CUDA in Two-dimension

Acknowledgement

The examples used in this chapter are based on examples in Programming Massively Parallel Processors: A Hands-on Approach, written by David B. Kirk and Wen-mei W. Hwu, and published by Morgan Kaufmann publishers.

Copyright 2010 David B. Kirk/NVIDIA Corporation and Wen-mei Hwu. Published by Elsevier Inc. All rights reserved.

This copy of code is a derivative based on the original code and designed for educational purposes only. It contains source code provided by the book above.

An Example of Matrix Multiplication

In this chapter, we will learn more about GPU computing on multi-dimensional problems and really experience the advantage of GPU computing over CPU computing. Before we proceed to the next section, this section will introduce a Matrix Multiplication program that is written in standard C and use only CPU for the computation. We hope the result we obtain in this chapter can serve as a baseline for following sections and provide a clearer view on how fast GPU computing can be.

CPU Matrix Multiplication Program source file: MM-CPU.c

Performance

We conducted 5 tests and the results are below.
    1. 41045.35 ms
    1. 40277.44 ms
    1. 40369.30 ms
    1. 40385.85 ms
    1. 40446.14 ms
  • Average: 40504.82 ms

Global Memory Version

Starting from this example, we will look at the how to solve problem in two-dimensional domain using two-dimensional grid and block. As we know, threads can be organized into multi-dimensional block and blocks can also be organized into multi-dimensional grid. This feature in CUDA architecture enable us to create two-dimensional or even three-dimensional thread hierarchy so that solving two or three-dimensional problems becomes easier and more efficient.

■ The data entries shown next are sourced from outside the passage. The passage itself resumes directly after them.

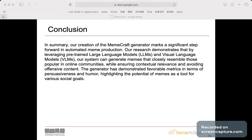The generator has also demonstrated favorable metrics in terms of persuasiveness and humor, highlighting the potential of memes as a tool for various social goals. That's all for my presentation.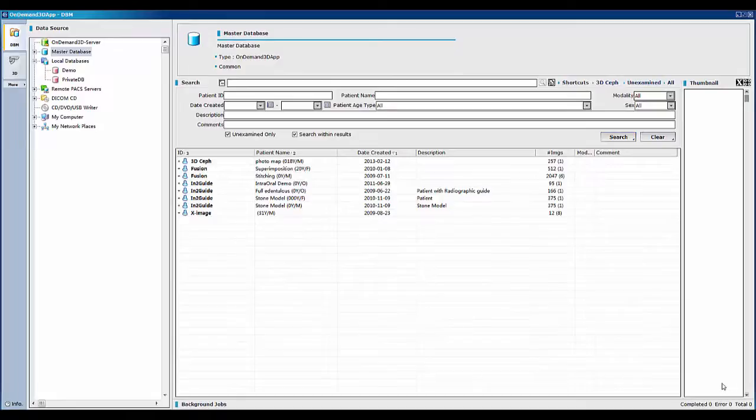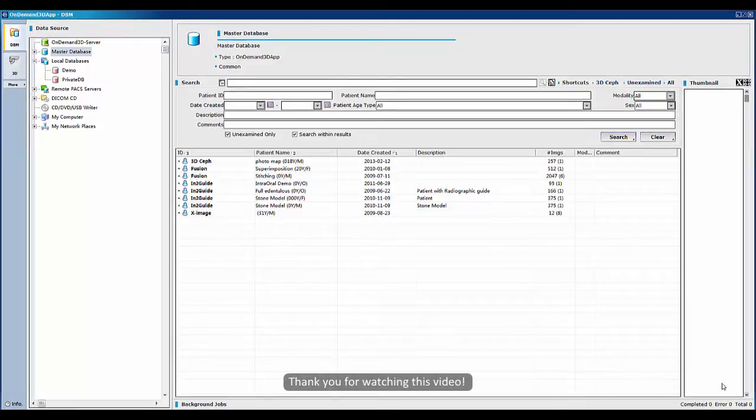Now you've seen how easy to manage your database in DBM. Go ahead and start now. Thank you for watching this video.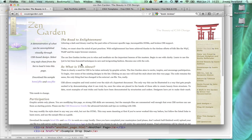Hi everybody, Jimmy again. I'm going to talk about CSS some more, and I want to use one of the most interesting sites for a web designer to check out: CSS Zen Garden.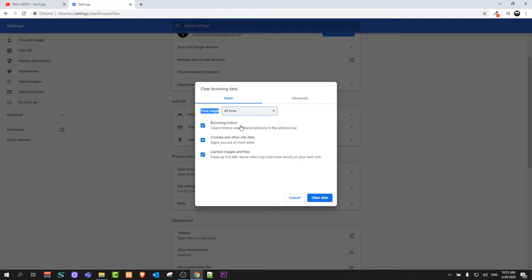If you would like to leave your browsing history, you can just uncheck this first option. But to clear cache and cookies from your browser, make sure that these two checkboxes are selected and click on Clear Data.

In this example, we will do the Square Matrix Multiplication. Two input matrices of size Width x Width are M and N. The output matrix is P with the same size. If you have learned linear algebra before, you will know that the output of two square matrices multiplied together is a square matrix of the same size. For example, to calculate entry (A,B) in the output matrix, we need to use row A in one input matrix and column B in another input matrix. We first take the left most element in row A and multiply it by top element in column B. Later, we take the second left element in row A and multiply it by second top element in column B. We do this for all the elements in row A and column B, and then we get the sum of products. The result will be the value at entry (A,B) in the output matrix. As you can see, this kind of operation is highly paralleled, make it perfect for us to use CUDA. We do this by assigning each entry in output matrix a thread of its own. This thread will fetch the data and do all the calculations. It will later on write back the result to the out put matrix.

Matrix Multiplication with Global Memory source file: MM-GPU-GM.cu

The Device Code

__global__ void Kernel(float *Md, float *Nd, float *Pd, int Width) {

  // Calculate the column index of the Pd element, denote by x
  int x = threadIdx.x + blockIdx.x * blockDim.x; 
  // Calculate the row index of the Pd element, denote by y
  int y = threadIdx.y + blockIdx.y * blockDim.y; 

  float Pvalue = 0;
  // each thread computes one element of the output matrix Pd.      
  for (int k = 0; k < Width; ++k) {
    Pvalue += Md[y*Width + k] * Nd[k*Width + x];
  }

  // write back to the global memory
  Pd[y*Width + x] = Pvalue;
}

This is the complete device code.

  // Calculate the column index of the Pd element, denote by x
  int x = threadIdx.x + blockIdx.x * blockDim.x; 
  // Calculate the row index of the Pd element, denote by y
  int y = threadIdx.y + blockIdx.y * blockDim.y; 

This 4 lines of code will assign index to the thread so that they can match up with entries in output matrix. As you may notice, we introduced a new CUDA built-in variable blockDim into this code. blockDim has the variable type of dim3, which is an 3-component integer vector type that is used to specify dimensions. This variable contains the dimensions of the block, and we can access its component by calling blockDim.x, blockDim.y, blockdIM.z.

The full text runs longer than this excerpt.